▼

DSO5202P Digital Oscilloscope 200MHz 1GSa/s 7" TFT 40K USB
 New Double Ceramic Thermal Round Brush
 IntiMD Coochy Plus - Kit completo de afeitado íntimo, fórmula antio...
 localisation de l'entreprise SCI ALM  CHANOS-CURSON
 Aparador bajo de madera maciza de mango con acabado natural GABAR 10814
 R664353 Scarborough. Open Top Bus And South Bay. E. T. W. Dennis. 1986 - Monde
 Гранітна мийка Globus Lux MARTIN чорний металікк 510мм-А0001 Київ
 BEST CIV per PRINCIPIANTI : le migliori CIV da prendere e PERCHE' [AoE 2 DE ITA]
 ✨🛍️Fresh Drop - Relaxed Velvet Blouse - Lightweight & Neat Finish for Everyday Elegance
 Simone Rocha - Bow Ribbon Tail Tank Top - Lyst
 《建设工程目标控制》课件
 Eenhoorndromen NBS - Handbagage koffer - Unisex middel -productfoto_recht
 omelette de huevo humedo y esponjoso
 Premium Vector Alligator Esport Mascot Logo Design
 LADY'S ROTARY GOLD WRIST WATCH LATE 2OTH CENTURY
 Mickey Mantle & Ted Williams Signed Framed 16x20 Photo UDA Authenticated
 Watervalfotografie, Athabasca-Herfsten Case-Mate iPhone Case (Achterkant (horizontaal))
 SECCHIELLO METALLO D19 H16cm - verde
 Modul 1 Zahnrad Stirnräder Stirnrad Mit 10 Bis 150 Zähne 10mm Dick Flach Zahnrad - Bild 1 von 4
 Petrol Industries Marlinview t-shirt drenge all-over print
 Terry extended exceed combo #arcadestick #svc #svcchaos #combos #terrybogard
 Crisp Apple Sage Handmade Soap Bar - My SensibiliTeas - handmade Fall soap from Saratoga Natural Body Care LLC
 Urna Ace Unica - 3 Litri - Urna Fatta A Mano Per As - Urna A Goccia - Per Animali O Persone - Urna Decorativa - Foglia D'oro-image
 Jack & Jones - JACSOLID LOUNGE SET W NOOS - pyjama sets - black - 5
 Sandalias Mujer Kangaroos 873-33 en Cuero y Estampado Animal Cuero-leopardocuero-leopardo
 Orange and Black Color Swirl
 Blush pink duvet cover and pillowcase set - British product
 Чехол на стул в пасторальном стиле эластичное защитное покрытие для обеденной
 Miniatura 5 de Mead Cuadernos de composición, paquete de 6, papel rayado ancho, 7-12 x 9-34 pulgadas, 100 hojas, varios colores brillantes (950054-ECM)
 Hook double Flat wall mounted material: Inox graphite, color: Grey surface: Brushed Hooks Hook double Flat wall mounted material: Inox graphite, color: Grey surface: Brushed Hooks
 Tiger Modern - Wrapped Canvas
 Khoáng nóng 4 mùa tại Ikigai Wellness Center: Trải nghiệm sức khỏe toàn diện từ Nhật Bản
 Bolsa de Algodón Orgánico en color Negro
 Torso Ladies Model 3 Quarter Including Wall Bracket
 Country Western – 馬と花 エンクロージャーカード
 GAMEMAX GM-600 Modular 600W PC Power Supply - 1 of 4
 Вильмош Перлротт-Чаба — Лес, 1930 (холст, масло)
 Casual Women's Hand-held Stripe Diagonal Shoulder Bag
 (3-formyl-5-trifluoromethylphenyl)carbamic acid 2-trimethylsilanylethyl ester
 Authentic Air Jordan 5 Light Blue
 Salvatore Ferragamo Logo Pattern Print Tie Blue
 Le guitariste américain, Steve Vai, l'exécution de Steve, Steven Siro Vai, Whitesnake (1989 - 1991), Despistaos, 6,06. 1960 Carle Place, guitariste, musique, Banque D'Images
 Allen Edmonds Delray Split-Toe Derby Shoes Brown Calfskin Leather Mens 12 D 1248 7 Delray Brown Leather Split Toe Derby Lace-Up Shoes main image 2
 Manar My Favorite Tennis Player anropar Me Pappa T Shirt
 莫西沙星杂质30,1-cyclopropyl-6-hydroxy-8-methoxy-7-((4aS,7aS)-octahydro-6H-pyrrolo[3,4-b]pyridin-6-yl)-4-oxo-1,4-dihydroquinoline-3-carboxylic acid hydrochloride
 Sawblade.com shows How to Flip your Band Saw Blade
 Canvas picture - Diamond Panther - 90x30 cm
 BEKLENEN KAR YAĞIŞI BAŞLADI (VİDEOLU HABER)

▲

### YOUR ASSIGNMENT
An exact copy of the entries from the line containing "Bolsa de Algodón Orgánico en color Negro" through the last line is the expected answer.

### TASK OUTPUT
 Bolsa de Algodón Orgánico en color Negro
 Torso Ladies Model 3 Quarter Including Wall Bracket
 Country Western – 馬と花 エンクロージャーカード
 GAMEMAX GM-600 Modular 600W PC Power Supply - 1 of 4
 Вильмош Перлротт-Чаба — Лес, 1930 (холст, масло)
 Casual Women's Hand-held Stripe Diagonal Shoulder Bag
 (3-formyl-5-trifluoromethylphenyl)carbamic acid 2-trimethylsilanylethyl ester
 Authentic Air Jordan 5 Light Blue
 Salvatore Ferragamo Logo Pattern Print Tie Blue
 Le guitariste américain, Steve Vai, l'exécution de Steve, Steven Siro Vai, Whitesnake (1989 - 1991), Despistaos, 6,06. 1960 Carle Place, guitariste, musique, Banque D'Images
 Allen Edmonds Delray Split-Toe Derby Shoes Brown Calfskin Leather Mens 12 D 1248 7 Delray Brown Leather Split Toe Derby Lace-Up Shoes main image 2
 Manar My Favorite Tennis Player anropar Me Pappa T Shirt
 莫西沙星杂质30,1-cyclopropyl-6-hydroxy-8-methoxy-7-((4aS,7aS)-octahydro-6H-pyrrolo[3,4-b]pyridin-6-yl)-4-oxo-1,4-dihydroquinoline-3-carboxylic acid hydrochloride
 Sawblade.com shows How to Flip your Band Saw Blade
 Canvas picture - Diamond Panther - 90x30 cm
 BEKLENEN KAR YAĞIŞI BAŞLADI (VİDEOLU HABER)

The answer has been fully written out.